What is a Tax Liability?

When a taxable event occurs, tax liability is the money that needs to be paid to a local, state, and/or federal agency.

Taxes due are usually a percentage of the taxable event. When a business sells a product, state sales tax may be charged. The seller collects the tax and then reports it to the local and state government agencies on a regular basis, usually monthly or quarterly. The money is set aside until the tax is paid. This is considered a tax liability and is a legally binding debt.

For example, Nick’s Jewelry Shop sells necklaces, bracelets, and rings. The business charges 6% state sales tax on all items sold and pays tax to the state monthly. A necklace selling for $48.00 will generate a tax liability of $2.88. The money collected from every sale during the month, and this tax liability will need to be paid to the state by the required due date.

Earning income is considered a taxable event.
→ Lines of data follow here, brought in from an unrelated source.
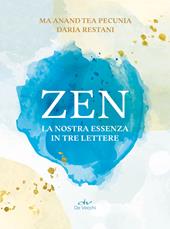 Zen. La nostra essenza in tre lettere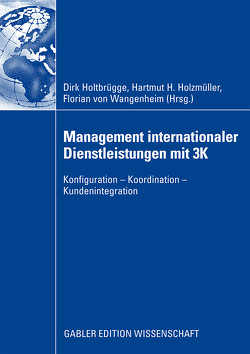Management internationaler Dienstleistungen mit 3K von Holtbrügge,  Dirk, Holzmüller,  Hartmut H, von Wangenheim,  Florian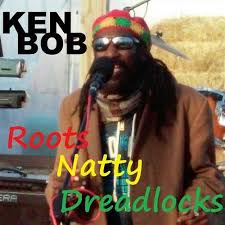 Review Ken Bob Roots Natty Dreadlocks Reggae Vibes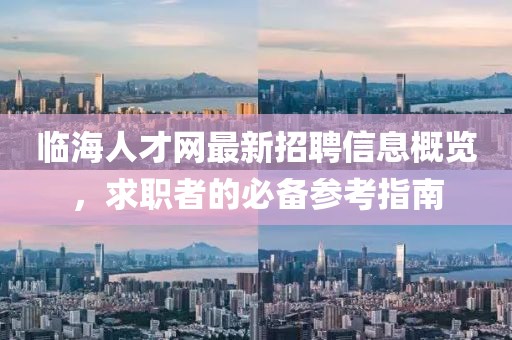 临海人才网最新招聘信息概览，求职者的必备参考指南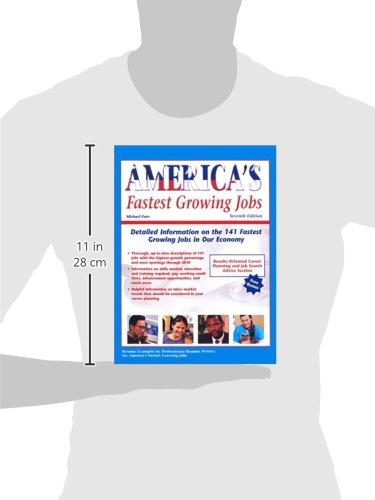 America's Fastest Growing Jobs: Detailed Information on the 141 Fastest Growing Jobs in Our Economy
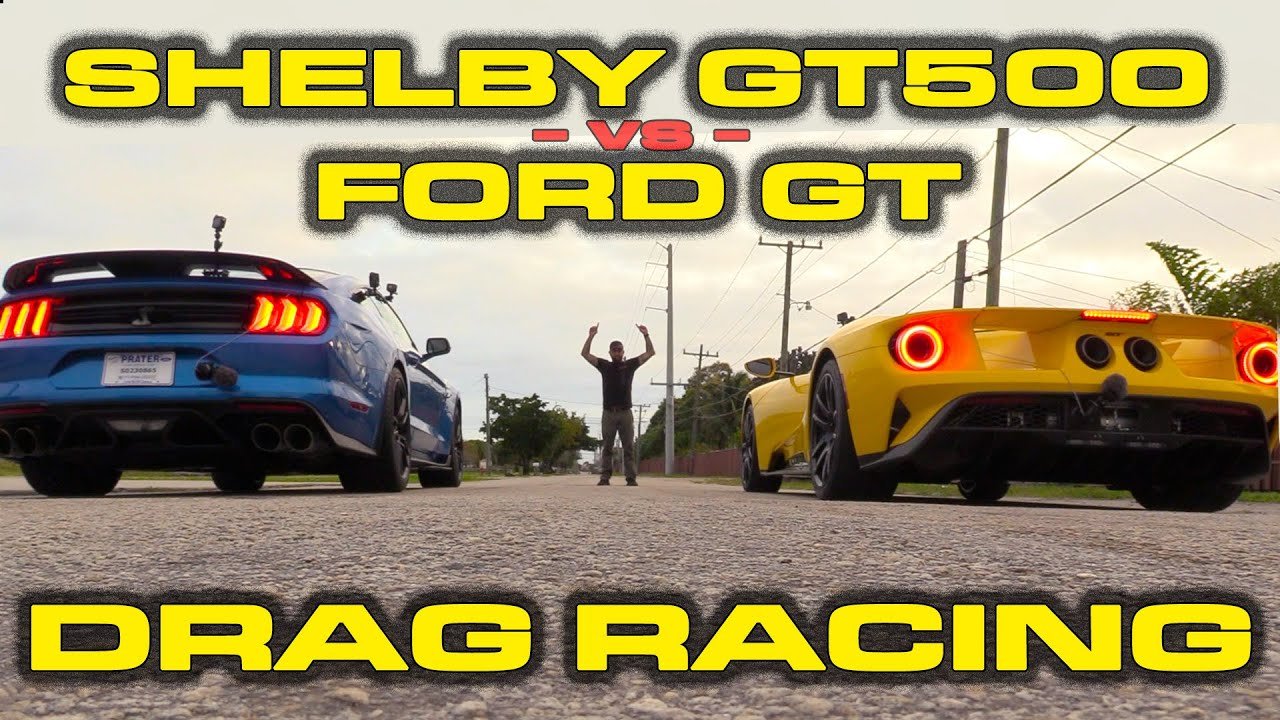 Ford GT vs 2020 Mustang Shelby GT500 drag race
In most situations, state and federal income tax payments are due based on a percentage of income generated. The Internal Revenue Service (IRS) uses federal tax brackets to determine income tax liability. Taxpayers with lower taxable income owe a lower percentage of tax liability than those in higher wage groups.

When businesses pay employees, wages are subject to payroll taxes. The business needs to withhold certain taxes and match other taxes. This payroll tax money is set aside, then paid to the state and federal tax departments. Paying the tax reduces or eliminates the liability.

Tax liabilities are considered short-term liabilities and are reported on a financial statement called a Balance Sheet.